Séries ramadanesques: Quand le vide remplace l’histoire

Le spectateur algérien a changé. Il ne se laisse plus séduire par de simples images soignées ou des décors impeccables. Il observe, analyse, lit entre les lignes. Il ressent la cohérence d’un récit et jauge la profondeur des personnages. Et c’est précisément là que nos séries échouent.

Aujourd’hui, trop de productions ont oublié l’essentiel : raconter. Les intrigues sont prévisibles, les personnages superficiels, et certains visages semblent revenir d’une série à l’autre. Le spectateur moderne le remarque immédiatement. Il attend une narration qui le surprenne, des personnages crédibles, des histoires qui le touchent. Il ne se satisfait plus de l’apparence.
Le budget, la technique ou la qualité des décors ne suffisent pas à combler ce vide.
Une belle image ne remplacera jamais une intrigue solide. Chaque plan, chaque lumière, chaque costume doit servir le récit. Sans cela, la série reste un objet vide, incapable de susciter l’investissement émotionnel du spectateur.
Les productions ramadanesques, en particulier, semblent trop souvent dominées par une logique commerciale, où le but principal devient l’audience et le nombre de vues. Le spectateur le ressent immédiatement : les histoires paraissent calibrées, les conflits artificiels et les personnages interchangeables. Cette course au “succès assuré” étouffe la créativité et réduit le récit à un simple produit de consommation, sans âme ni profondeur.
Ce choix de standardisation n’est pas anodin. Il façonne des personnages réduits à des archétypes attendus et des intrigues prévisibles, au lieu de proposer des figures humaines traversées par des contradictions et des émotions réelles. À force de reproduire les mêmes schémas, on installe un paysage narratif répétitif, rassurant mais appauvrissant, où l’imagination et la sensibilité du spectateur sont laissées de côté.
Le spectateur algérien d’aujourd’hui n’est plus passif. Il perçoit quand l’émotion est sincère ou fabriquée, quand l’histoire est pensée pour surprendre ou simplement pour remplir un créneau. Il attend des récits capables de susciter un véritable engagement, des personnages qui respirent et des intrigues qui interrogent.

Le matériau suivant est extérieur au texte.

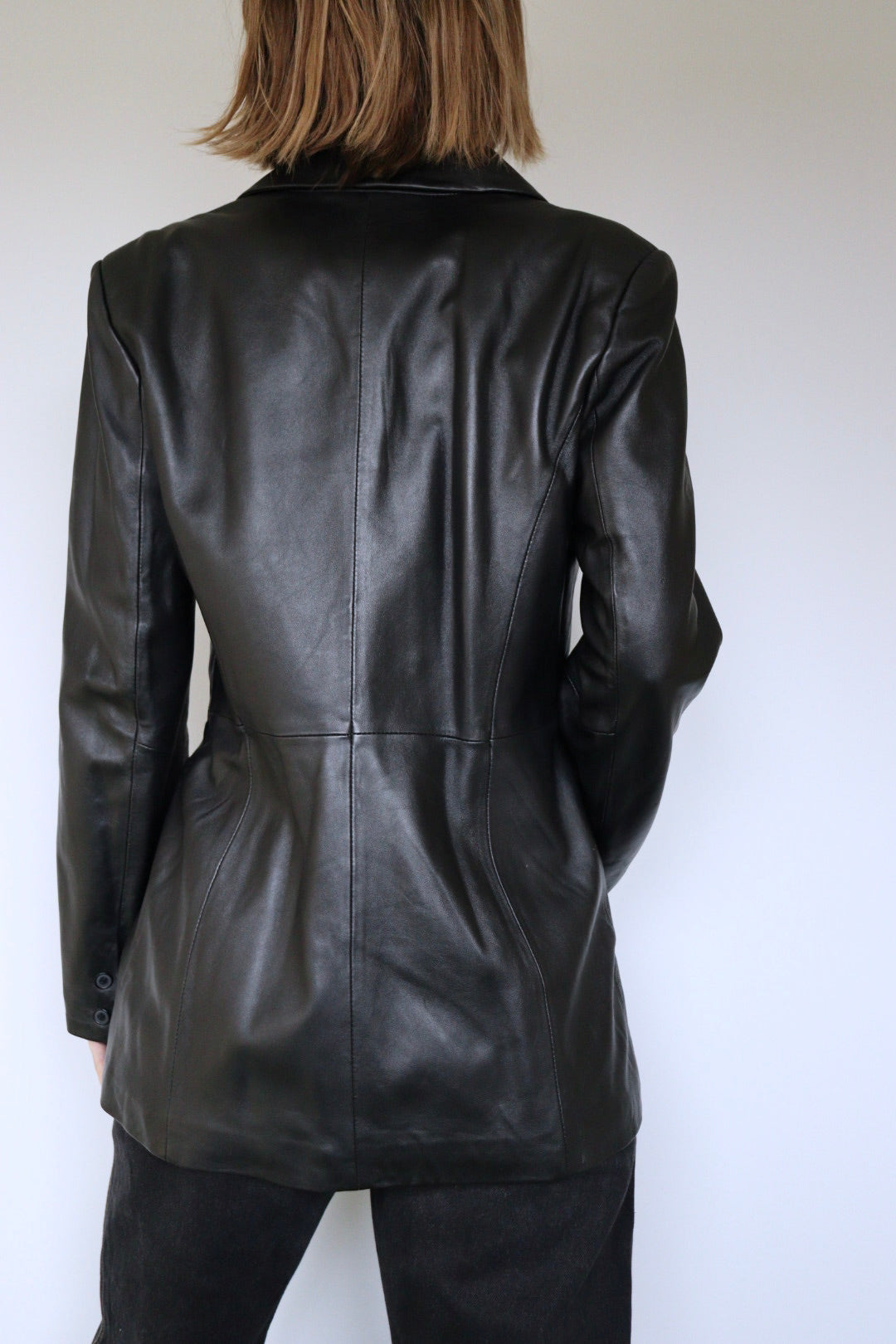 The Black Blazer - vintage leather blazer - S up to M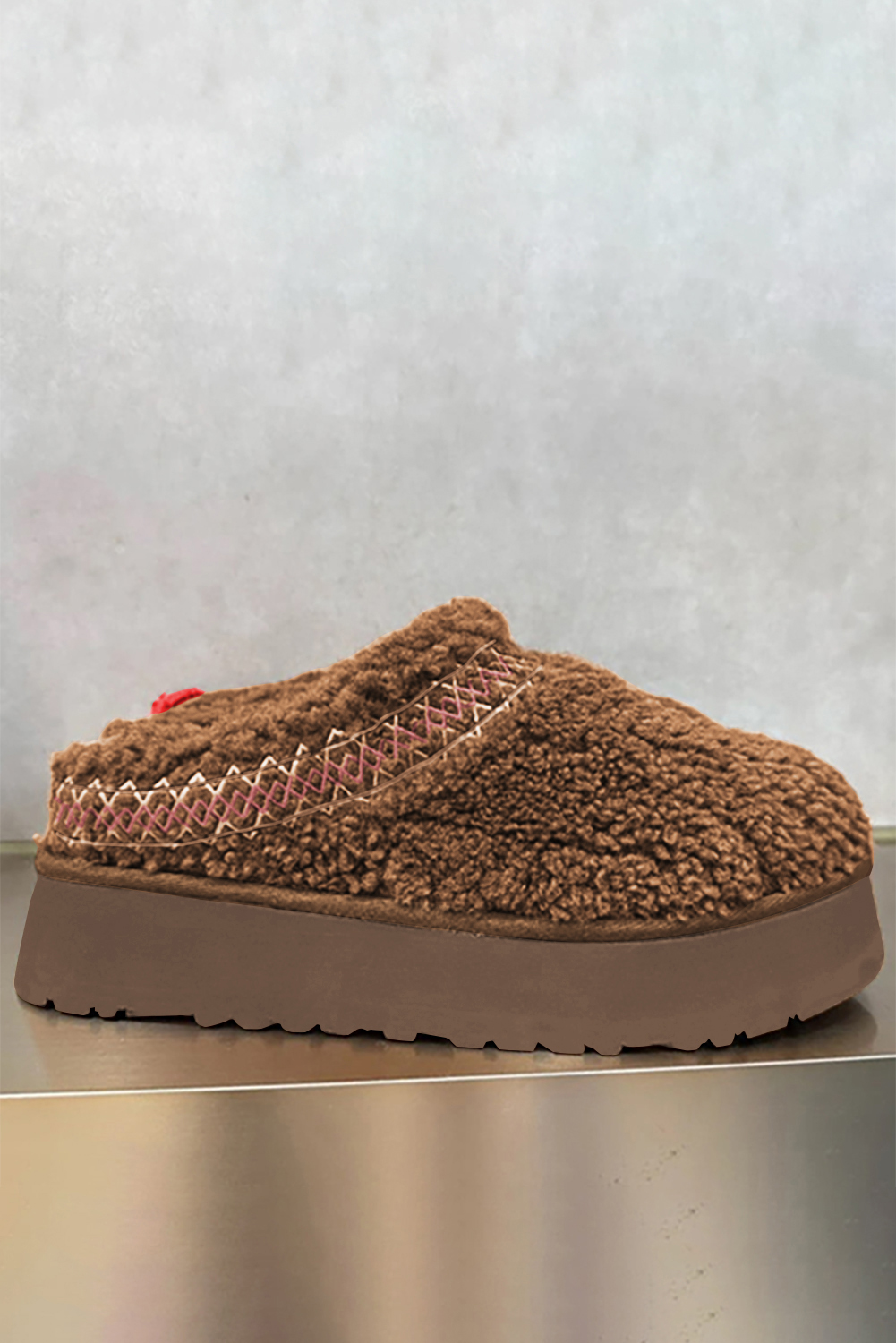 Oatmeal Embroidered Sherpa Plush Thick Sole Snow Boots - loveforevers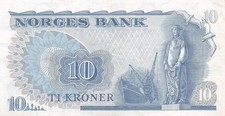 Norway  10   Kroner  1973   Series  Q N   Circulated Banknote  IJ 2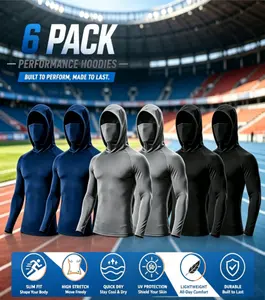 6 Pack Compression Sun Hooded Shirts, Breathable Quick Dry UPF Long Sleeve Active Tops with Attached Face Mask for Construction Fishing Outdoor Sports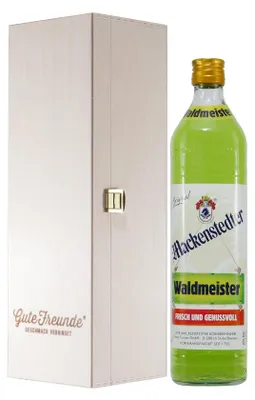 Produktbild von Mackenstedter Waldmeister Likör mit Geschenk-Holzkiste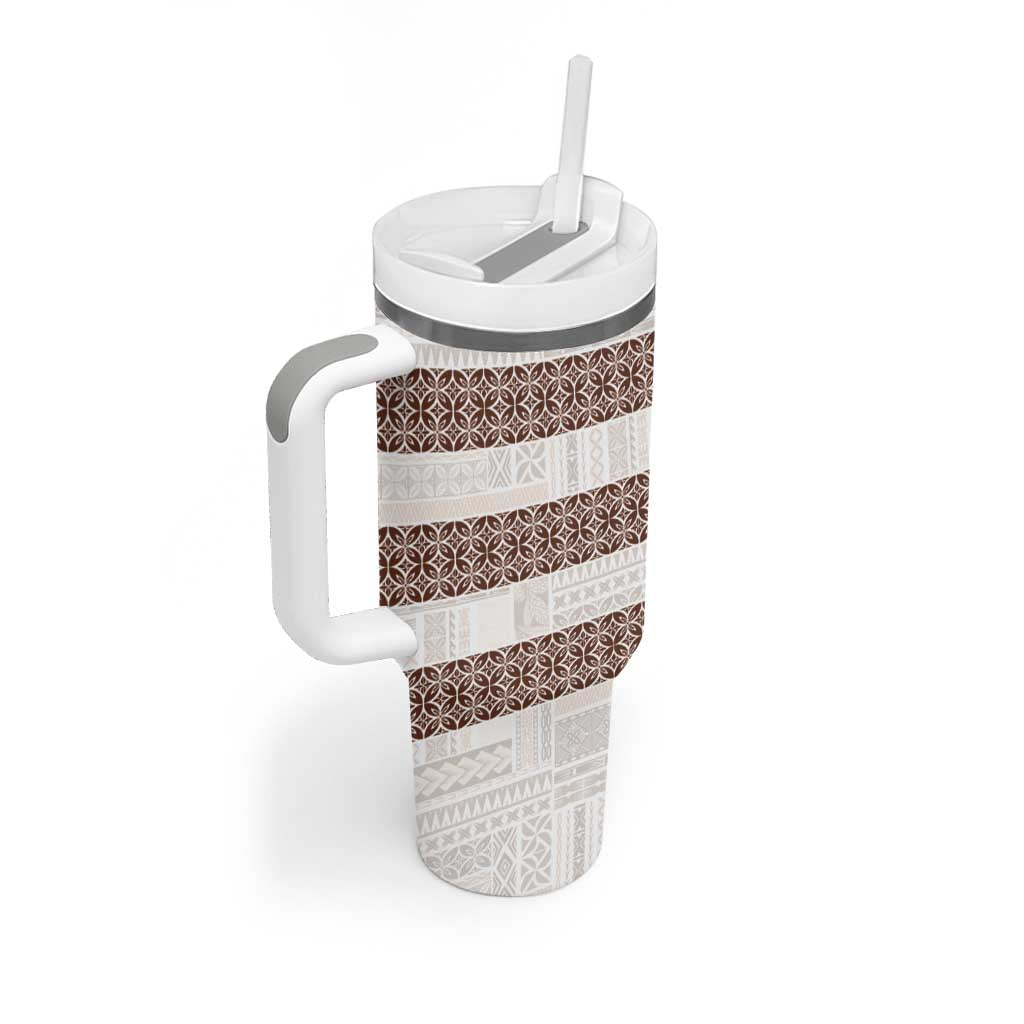 Samoa Siapo Brown Trimmed Tumbler With Handle Samoa White Sunday - Polynesian Pride
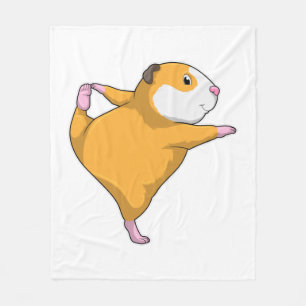 Guinea pig at Yoga Stretching exercise Fleece Blanket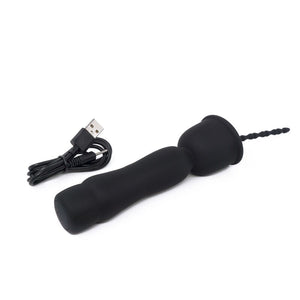 Long Beads Shape Powerful Urethral Vibrator Male Masturbator Silicone Vibrating Penis Plug Urethral Sound Catheter Penis Dilator (black) - sextoysok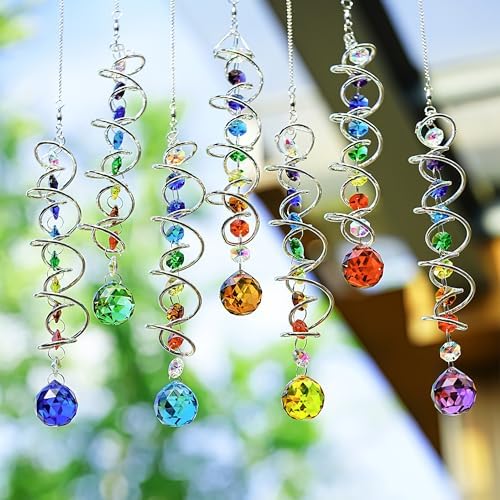 7 Pcs Crystal Gazing Ball Spiral Wind Spinner Suncatcher Garden Decor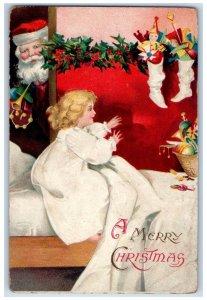 Christmas Santa Claus Stockings Full Of Toys Clapsaddle Embossed Postcard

Cette lucidité impose aux créateurs de repenser leurs choix et de remettre la narration et la profondeur des personnages au centre de chaque production, afin de capter réellement l’attention et l’investissement du public.

Défis à relever

Les réalisateurs doivent pouvoir faire des choix clairs et assumés. Chaque décision de mise en scène doit servir le récit et non l’esthétique seule. Les acteurs doivent exister pleinement dans leurs rôles, explorer la complexité de leurs personnages et offrir au spectateur une expérience authentique. La direction d’acteurs doit dépasser la simple technique : elle doit permettre l’incarnation, la nuance, la vérité.

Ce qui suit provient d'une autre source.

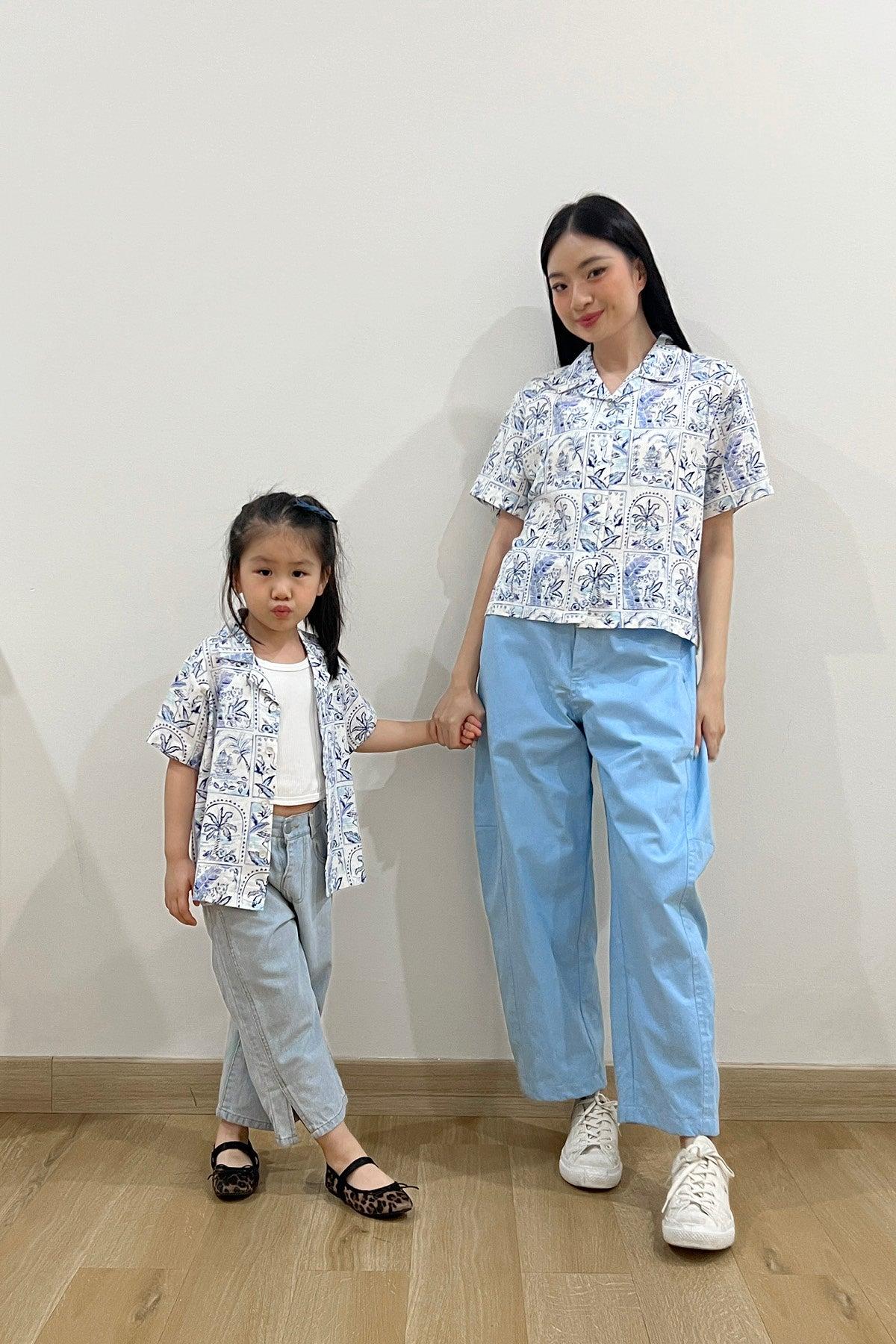 Kai Petite Shirt Blue Tropical Tiles - EESOME
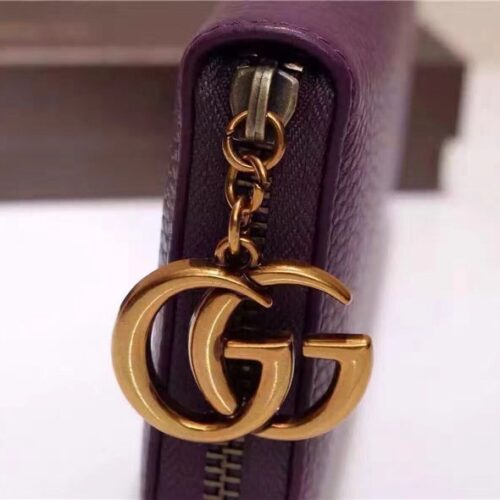 High Quality Luxury Gucci GG Marmont Purple Leather Wallet product detail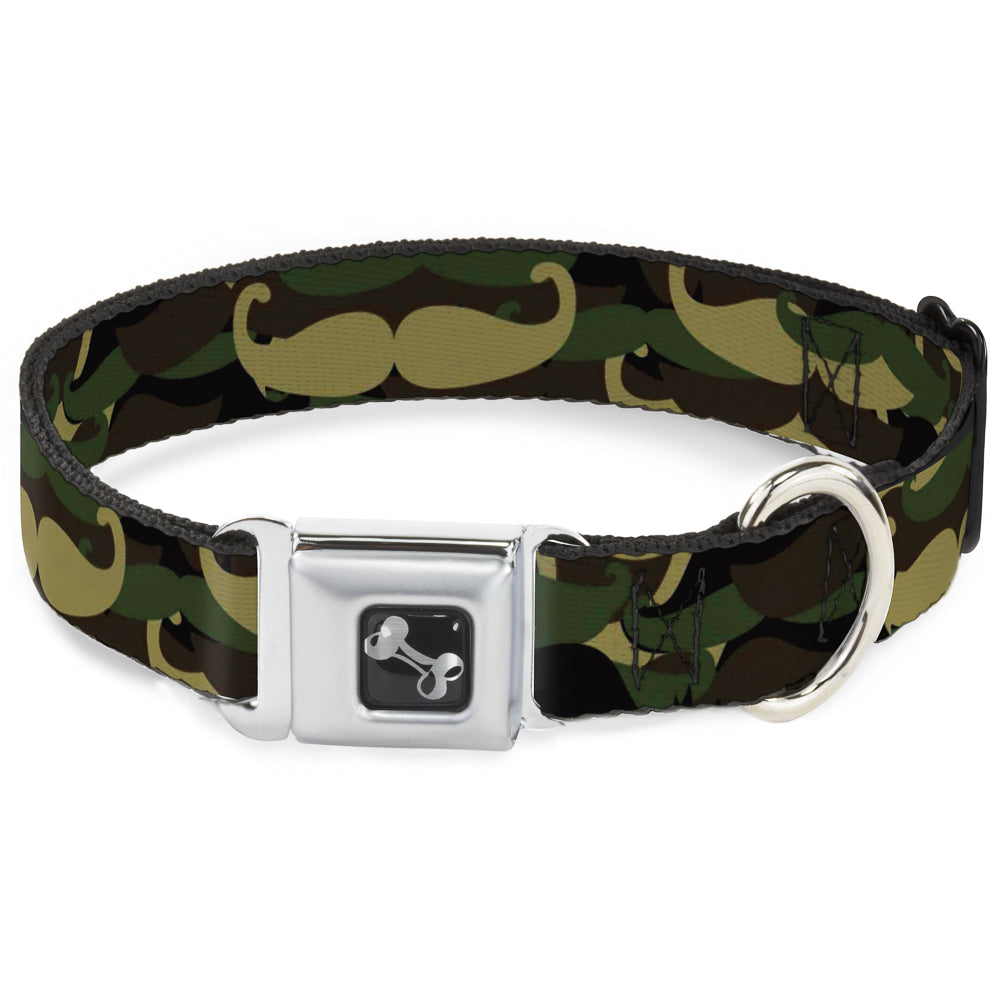 Dog Bone Seatbelt Buckle Collar - Camo'stache Seatbelt Buckle Collars Buckle-Down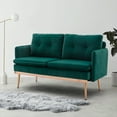 thumbnail image 3 of Modern Lounge Tufted Couch Velvet Club Sofa with Rose Golden Legs, 2 Seater Small Sofa Chair Upholstered Living Room Loveseat Sofa Couch with Soft Padded Seat - Green, 3 of 8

Pour relever ce défi, plusieurs solutions sont possibles : renforcer la formation des scénaristes et des réalisateurs, soutenir les talents émergents, encourager les productions audacieuses, et remettre l’écriture et la direction au centre du processus créatif. Il est également urgent de considérer chaque série comme une expérience à part entière et non comme un simple produit destiné à remplir un créneau horaire.

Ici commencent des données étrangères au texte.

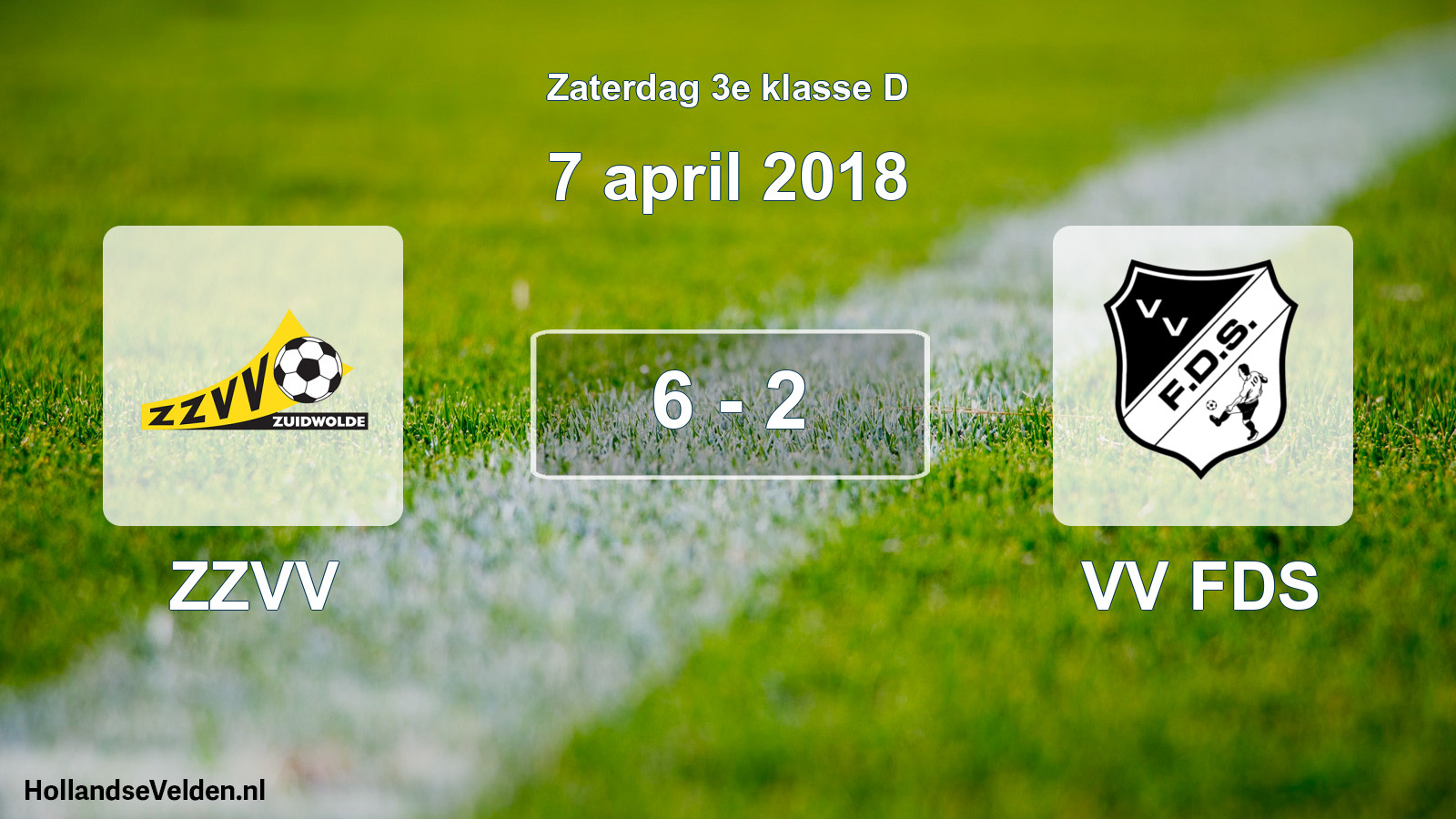 Total number of matches played: ZZVV - VV FDS 6 - 2 (7 April 2018)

Le constat est clair : nos séries ont du corps mais pas d’âme. Et tant que la narration ne redeviendra pas la priorité, le spectateur continuera à regarder, mais sans jamais se laisser captiver. L’industrie audiovisuelle algérienne doit relever ce défi. Le public est là, conscient, attentif et exigeant. La question reste : nos séries sont-elles prêtes à l’écouter et à se réinventer, ou continueront-elles à séduire par l’apparence tout en restant vides ?L’avenir de nos séries dépendra de la capacité des créateurs à oser, à sortir des schémas préfabriqués et à proposer une narration riche et authentique. Le spectateur d’aujourd’hui n’accepte plus le superficiel. Il cherche la vérité dans les personnages, la cohérence dans les histoires, et l’intelligence dans la mise en scène. Si nous répondons à cette exigence, nos séries pourront retrouver leur place dans le cœur du public et réaffirmer la vitalité de l’audiovisuel algérien.Mais si nous persistons dans le recyclage des mêmes clichés, si nous continuons à sacrifier la narration sur l’autel de l’esthétique, alors le public, conscient et exigeant, se détournera irrémédiablement. Et avec lui disparaîtra ce qui pourrait encore faire de nos productions une fierté culturelle et artistique.Le défi est donc clair, et il est urgent : replacer la narration et la profondeur des personnages au centre de chaque série, offrir aux créateurs la liberté de surprendre, et écouter un spectateur qui ne se contente plus de l’apparence. Les enjeux sont grands, mais le spectateur est prêt. Et il nous attend.